[Scraped caption text data]

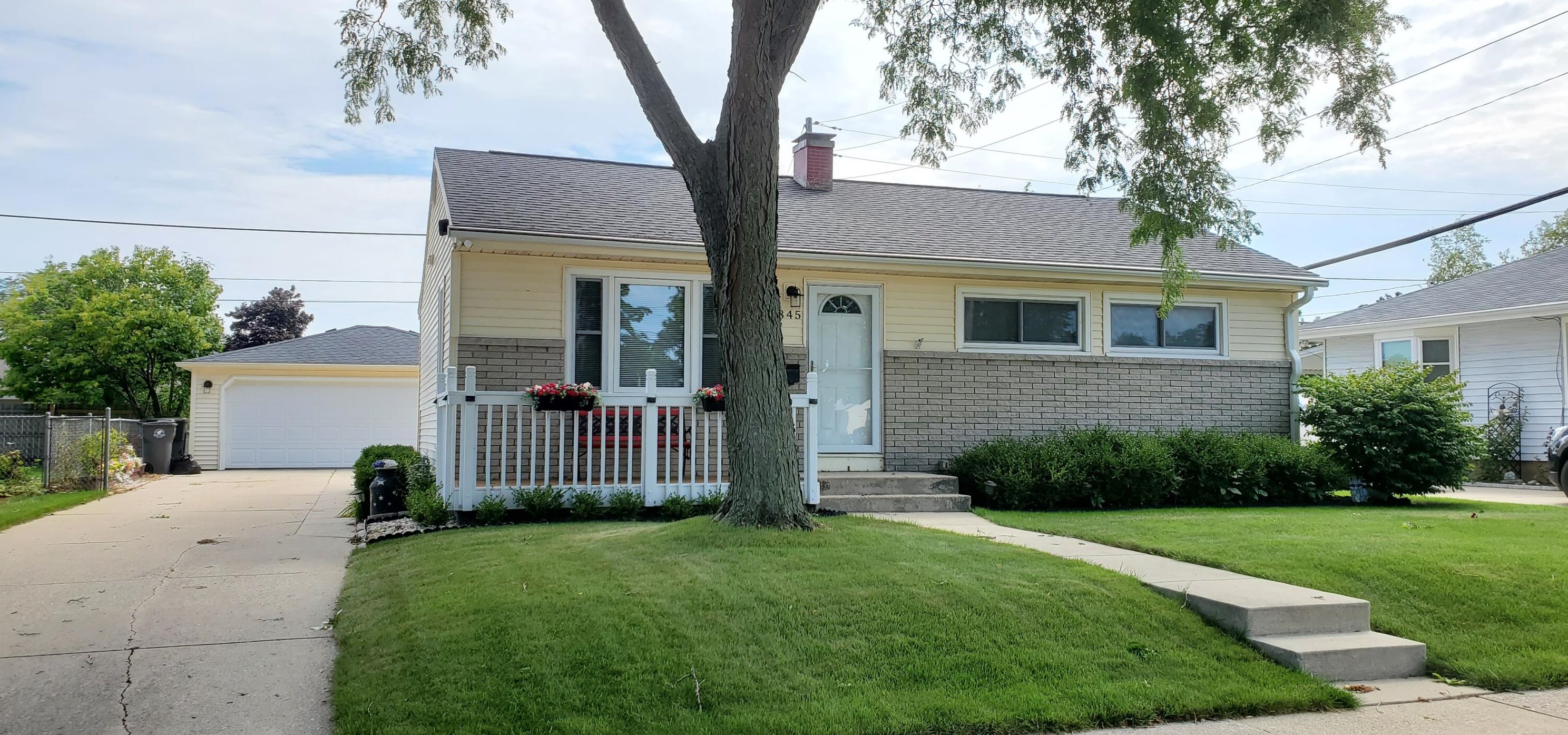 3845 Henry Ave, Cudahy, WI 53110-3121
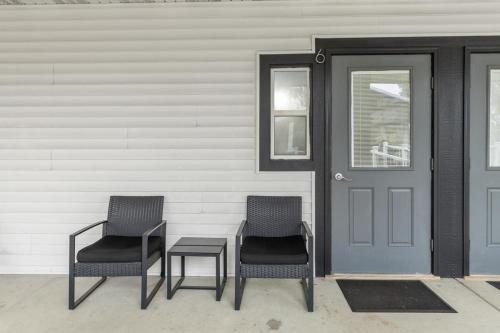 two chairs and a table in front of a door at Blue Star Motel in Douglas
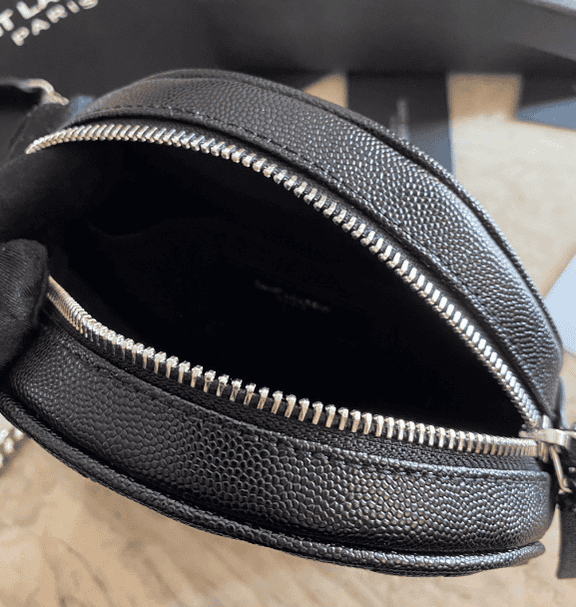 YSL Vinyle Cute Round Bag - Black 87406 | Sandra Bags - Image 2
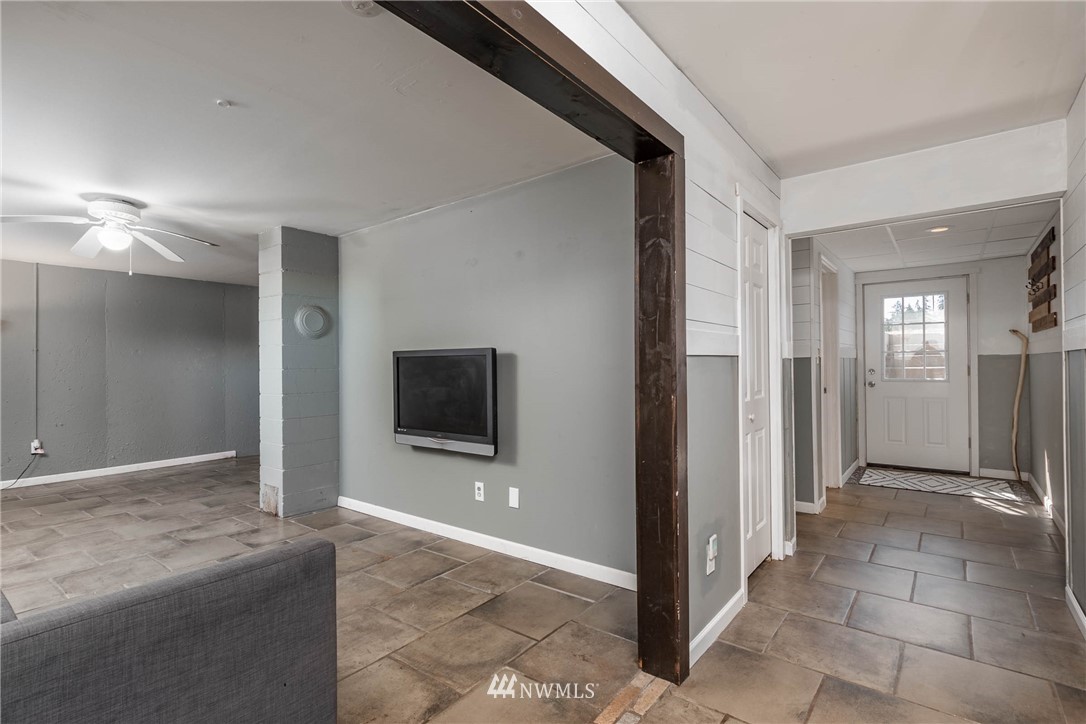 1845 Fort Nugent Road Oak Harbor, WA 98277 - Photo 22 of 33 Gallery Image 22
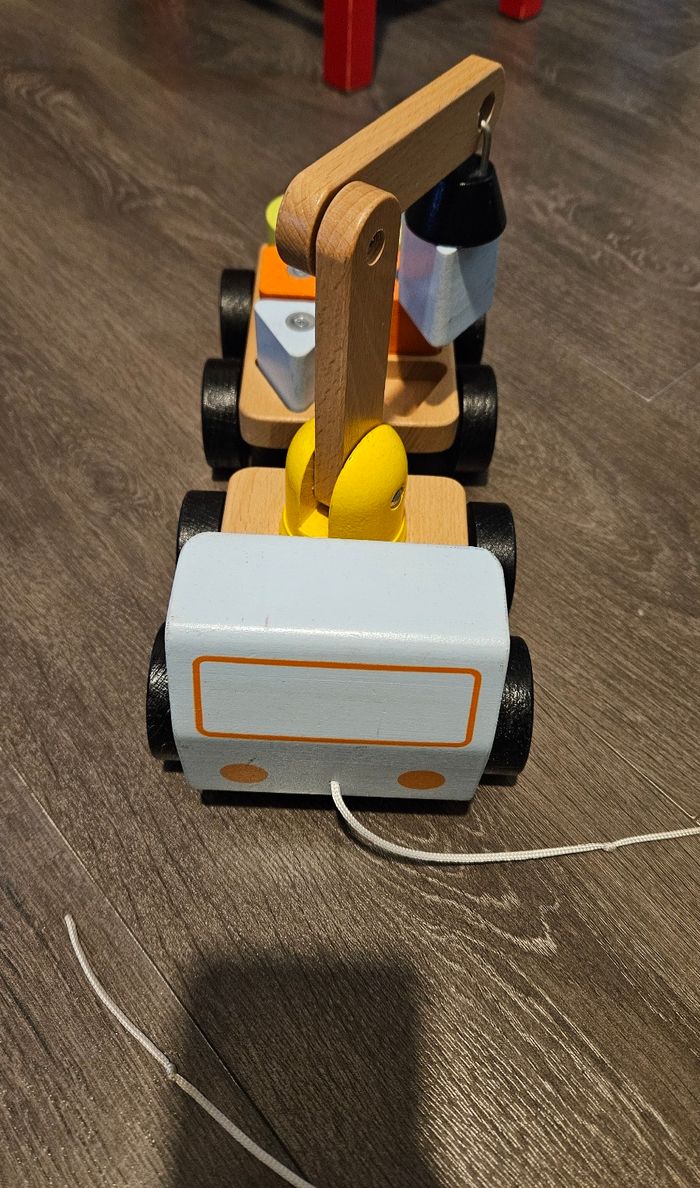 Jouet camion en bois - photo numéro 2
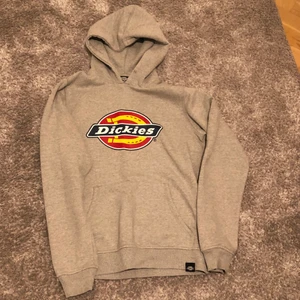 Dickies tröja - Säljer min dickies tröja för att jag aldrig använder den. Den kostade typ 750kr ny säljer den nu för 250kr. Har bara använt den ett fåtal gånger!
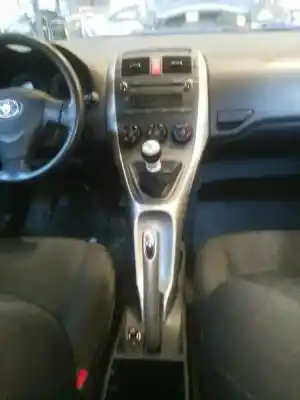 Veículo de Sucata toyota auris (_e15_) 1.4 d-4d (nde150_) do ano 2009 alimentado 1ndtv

◆ What is required
In your answer, repeat all the entries exactly, but leave out the pictures.

◆ Result below
 3845 Henry Ave, Cudahy, WI 53110-3121
 two chairs and a table in front of a door at Blue Star Motel in Douglas
 YSL Vinyle Cute Round Bag - Black 87406 | Sandra Bags - Image 2
 1845 Fort Nugent Road Oak Harbor, WA 98277 - Photo 22 of 33 Gallery Image 22
 Jouet camion en bois - photo numéro 2
 Dickies tröja - Säljer min dickies tröja för att jag aldrig använder den. Den kostade typ 750kr ny säljer den nu för 250kr. Har bara använt den ett fåtal gånger!
 Veículo de Sucata toyota auris (_e15_) 1.4 d-4d (nde150_) do ano 2009 alimentado 1ndtv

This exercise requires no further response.